Instructions for the task —
Output exactly the lines from the one holding "LOVING PET | 안산애견 모량빵빵 예쁜 아이들이 많은 LOVING PET" through the final line of the entries.

[[ Source data open ]]

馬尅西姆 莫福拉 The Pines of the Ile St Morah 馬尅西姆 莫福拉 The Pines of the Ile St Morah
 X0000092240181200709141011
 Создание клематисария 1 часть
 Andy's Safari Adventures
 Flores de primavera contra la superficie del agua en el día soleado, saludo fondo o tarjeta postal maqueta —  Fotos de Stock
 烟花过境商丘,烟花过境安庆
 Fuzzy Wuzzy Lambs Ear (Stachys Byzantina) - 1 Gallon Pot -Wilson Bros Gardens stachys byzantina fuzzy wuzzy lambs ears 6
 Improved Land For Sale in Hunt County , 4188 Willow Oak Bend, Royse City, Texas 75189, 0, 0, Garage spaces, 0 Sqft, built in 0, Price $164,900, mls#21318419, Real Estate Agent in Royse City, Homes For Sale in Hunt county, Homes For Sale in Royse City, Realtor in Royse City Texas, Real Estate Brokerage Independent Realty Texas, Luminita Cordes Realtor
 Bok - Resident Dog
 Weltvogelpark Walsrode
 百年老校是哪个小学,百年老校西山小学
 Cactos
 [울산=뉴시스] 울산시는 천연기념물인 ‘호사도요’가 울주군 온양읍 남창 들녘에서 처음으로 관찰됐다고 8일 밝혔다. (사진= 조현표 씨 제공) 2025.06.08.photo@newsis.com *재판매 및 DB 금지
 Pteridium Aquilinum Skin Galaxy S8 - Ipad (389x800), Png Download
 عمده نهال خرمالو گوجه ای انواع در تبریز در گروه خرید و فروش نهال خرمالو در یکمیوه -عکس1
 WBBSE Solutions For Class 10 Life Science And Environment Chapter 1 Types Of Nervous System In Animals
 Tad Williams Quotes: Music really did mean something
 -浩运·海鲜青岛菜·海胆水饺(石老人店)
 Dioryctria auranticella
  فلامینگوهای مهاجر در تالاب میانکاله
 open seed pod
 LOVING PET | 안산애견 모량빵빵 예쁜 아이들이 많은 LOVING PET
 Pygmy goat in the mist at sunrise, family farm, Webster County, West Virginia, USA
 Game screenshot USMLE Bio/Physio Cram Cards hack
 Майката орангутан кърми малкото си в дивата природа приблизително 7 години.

[[ Source data closed ]]

Your response —
 LOVING PET | 안산애견 모량빵빵 예쁜 아이들이 많은 LOVING PET
 Pygmy goat in the mist at sunrise, family farm, Webster County, West Virginia, USA
 Game screenshot USMLE Bio/Physio Cram Cards hack
 Майката орангутан кърми малкото си в дивата природа приблизително 7 години.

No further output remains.